Saturday, August 2, 2014

Spotlight On...Maggie Cino

Name: Maggie Cino   

Hometown: Yardley, PA

Education: Dell’Arte International School of Physical Theater.  And Barnard College of Columbia University.

Favorite Credits: Decompression, my full length play, which won an Overall Excellence in Playwrighthing award in 2012.  Warm Enough for Swimming, which was a Eugene O’Neill Theater Conference semi-finalist.  And my current full time job, as Senior Producer for the extraordinary organization “The Moth”.

Why theater?: When I was seven my mother signed me up for a theater “workshop”.  Once I realized it didn’t involve hammers and nails and getting dirty it never occurred to me to stop.

Tell us about Warm Enough for Swimming?:
Mom drowned years ago. Gramma died yesterday. Eddie fled his wedding. And Bridget can’t make coffee. Can estranged siblings clean the living room when the bride arrives with a post-recession pyramid scheme and a Russian gangster stalks their childhood home? It’s warm enough for swimming . . . as long as no one drowns.

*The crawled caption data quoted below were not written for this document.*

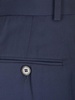 Straight Leg Trousers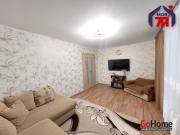 Купить 3-комнатную квартиру, Смолевичи, Слесарный пер., 8 Смолевичи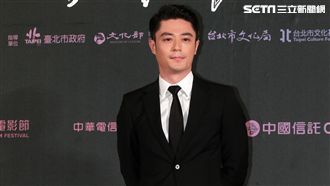 霍建華來了！聽到林心如默默這樣做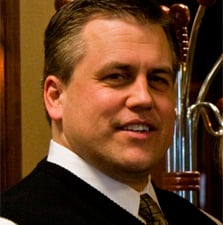 Todd A. Zabel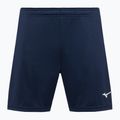 Men's Mizuno High-Kyu training shorts navy blue V2EB700114
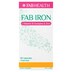 Fab Iron + Vitamin B + Zinc 60 Capsules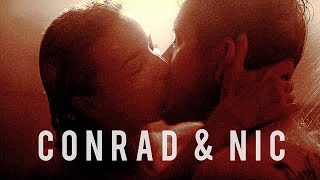 Conrad & Nic - Fortress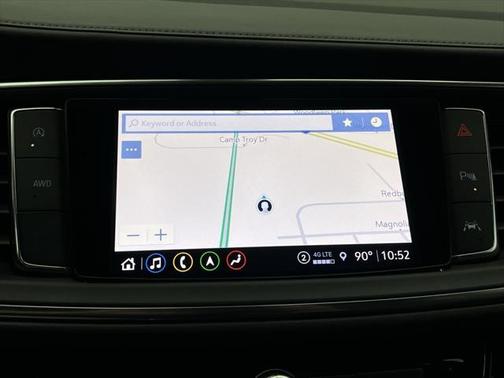 2023 Buick Enclave Avenir AWD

What inspired you to write Warm Enough for Swimming?:
My director, Fred Backus, was a big inspiration.  We’re old friends and many years ago we were performing together.   During an incredibly harrowing tech rehearsal he accidentally got me in terrible trouble.  After one of the worst opening nights I’ve ever had, he guiltily sat with me for forty five minutes until I stopped sobbing (yeah, it was that bad.) I have three brothers.  And there was something about that moment with Fred, both the getting someone in trouble and the guilty-but-incredibly-kind aftermath that felt very true to that relationship.  So I stared thinking, it would be fun sometime to do a play where Fred and I could play a brother and a sister.  Except that there were no plays that I could think of that approached the depth and complexity of that relationship as I understood it, so I decided to write one myself. I gave up on the idea of acting in this play very quickly.  Throughout the many years I spent developing it, Fred was essential in shaping both the lead male character and the dramatic arc of the piece.  I am very fortunate to have him on board as director.

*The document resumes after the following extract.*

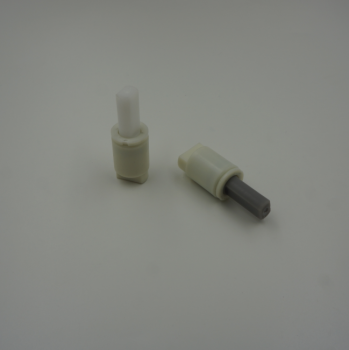 101 damper for toilet seat cover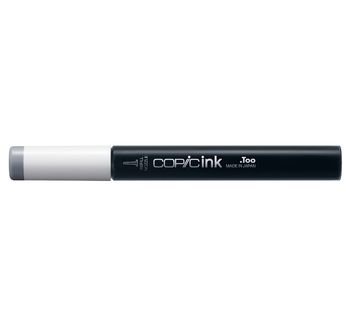NEW - COPIC INK 358 couleurs - COPIC Ink C6 Cool Gray 6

What kind of theater speaks to you? What or who inspires you as an artist?: I’m incredibly interested in environmental theater these days, works like Sleep No More and Then She Fell.  I’d love to try creating something like that someday.  I also love very intricate novels.  I recently finished Donna Tartt’s The Goldfinch and it was one of my favorite books I’d read in a while.  Perhaps not coincidentally, has a lot of themes in common with this play.

If you could work with anyone you’ve yet to work with, who would it be?:
I love the idea of working on a long form television show someday.  Alan Ball and Joss Wheadon are great heroes of mine.

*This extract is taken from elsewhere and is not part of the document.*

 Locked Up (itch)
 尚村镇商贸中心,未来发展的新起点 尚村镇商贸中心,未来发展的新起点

What show have you recommended to your friends?: In this particular festival, there are several great ones: I’ll Say She Is by Trav S.D.  Kate Holland and Carolyn Prugh’s No Provenance, Over directed by Bryan Enk and Bohemian Valentine by Mateo Moreno.

Who would play you in a movie about yourself and what would it be called?: I keep thinking Natalie Portman, but it’s just because I want to look like her.  It would probably be called, “This Is What I Think, But If You Look At It A Different Way . . .”

What’s your biggest guilty pleasure?: Listening to a terrible pop song on repeat for days.  Also ice cream.

What’s the most played song on your iTunes?: This show had a whole playlist that included “Better” by Regina Spektor, “Avenue B” by Gogol Bordello, “Diamonds on the Soles of Her Shoes” by Paul Simon and “Atlantic City” by Bruce Springsteen.

If you weren’t working in theater, you would be _____?:
Crying in a gutter under a ragged blanket, wearing clown makeup and begging for change.  Seriously, it’s hard to imagine any version of being me that doesn’t involve live performance in some capacity.

What’s up next?:
More work with the Moth!  We’re moving internationally these days and I am so happy to be part of the expansion.  I’ve gotten to interview storytellers on the radio and that’s been a big pleasure.  I’m also working on a new play.  Stay posted!